Published on July 21, 2021
Arash Khosravifar and Diane Moug, Portland State University researchers in civil and environmental engineering, were recently recognized with the 2021 Award in Excellence by the Western States Seismic Policy Council for research on mitigating soil liquefaction during seismic events.
This research project's goal is to develop a new, unobtrusive, cost-effective method for reducing liquefaction hazards of silty soils. Current industry methods are rarely employed due to their limited, disruptive and costly nature. When a new better method is developed, liquefaction-prone silty soils can be mitigated for a wide range of new and existing infrastructure. Applying a new viable liquefaction mitigation method will allow for less earthquake damage, improved emergency response and recovery after earthquakes.
The research activities associated with this project included building a new partnership among PSU, NHERI at the University of Texas (UT) and Arizona State University (ASU) and securing funds from the National Science Foundation (NSF), building local industry partners and developing two field test sites, which are the only two in existence in the U.S. Khosravifar and Moug worked with UT to bring their T-REX shaker truck to simulate earthquakes and ASU to collaborate on the bio-remediation approach called Microbially Induced Desaturation (MID). Arrays of wells were installed to inject and withdraw a chemical solution to feed in-situ microbes to desaturate the soils.

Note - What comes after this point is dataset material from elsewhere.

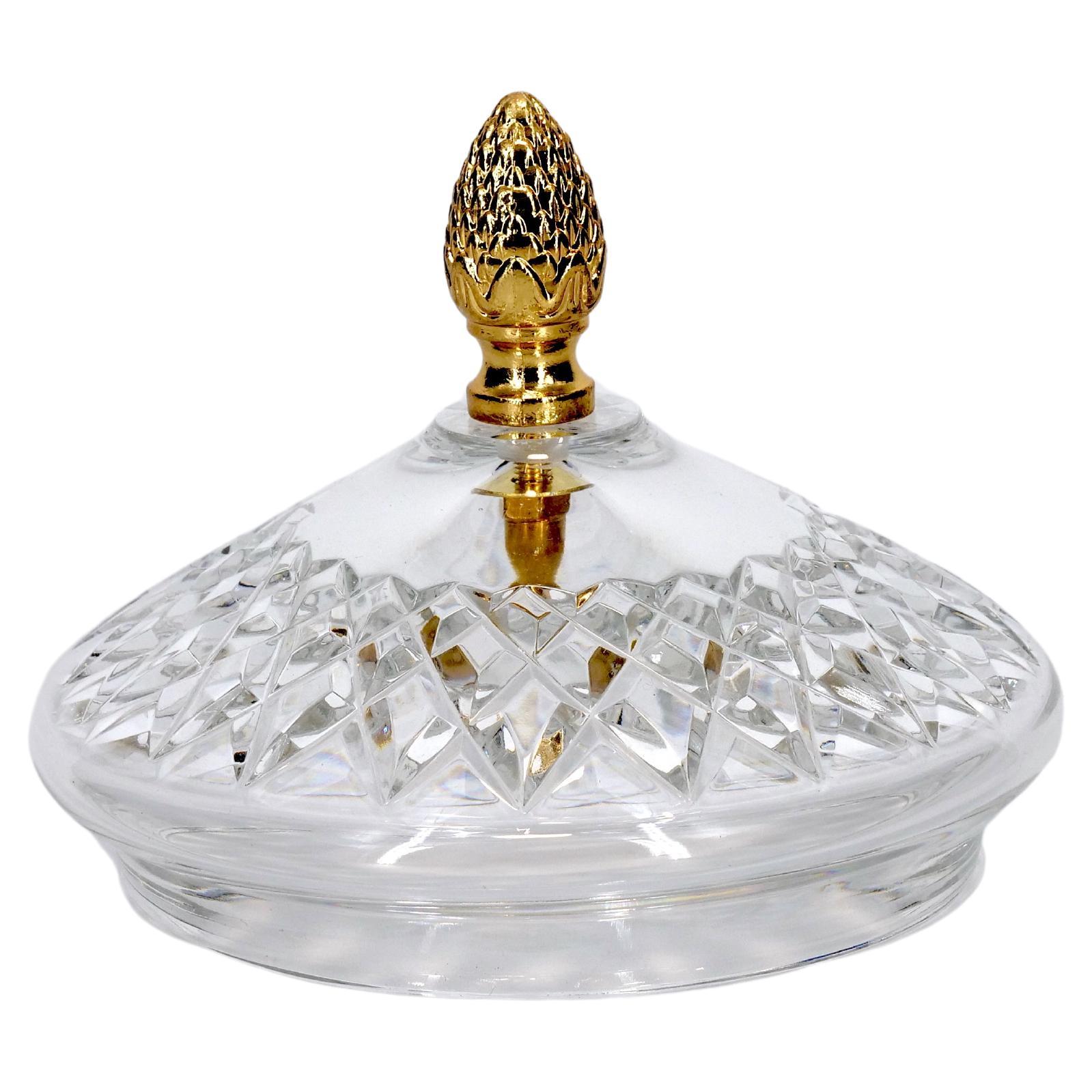 20th Century French Cut Crystal / Brass Covered Finial Serving Piece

The T-REX shaker truck was used to measure the soil characteristics before and after the treatment.
The PSU Liquefaction Mitigation of Silts research project is the first to test Microbially Induced Desaturation (MID) in field conditions in the United States. It required new technical partnerships to be built to bring in the needed multidisciplinary experts. Professor Ed Kavazanjian, renowned geotechnical engineer, offered professional expertise of his team members from the Center for Biomediated and Bio-inspired Geotechnics based at ASU. Similarly, renowned geotechnical engineer Professor Ken Stokoe, offered professional expertise of his team members from NHERI@UTexas, which is based out of UT at Austin.
There is evidence this mitigation method is effective. This project was to explore this possible mitigation method in actual field conditions, which are much more complex with many more variables than in a controlled laboratory setting. Portland is the first and only location in the United States to conduct field-scale tests. This field-scale testing has opened up many new complex questions that also need to be researched and answered. And while further field tests and analyses are required, this method appears to hold great promise.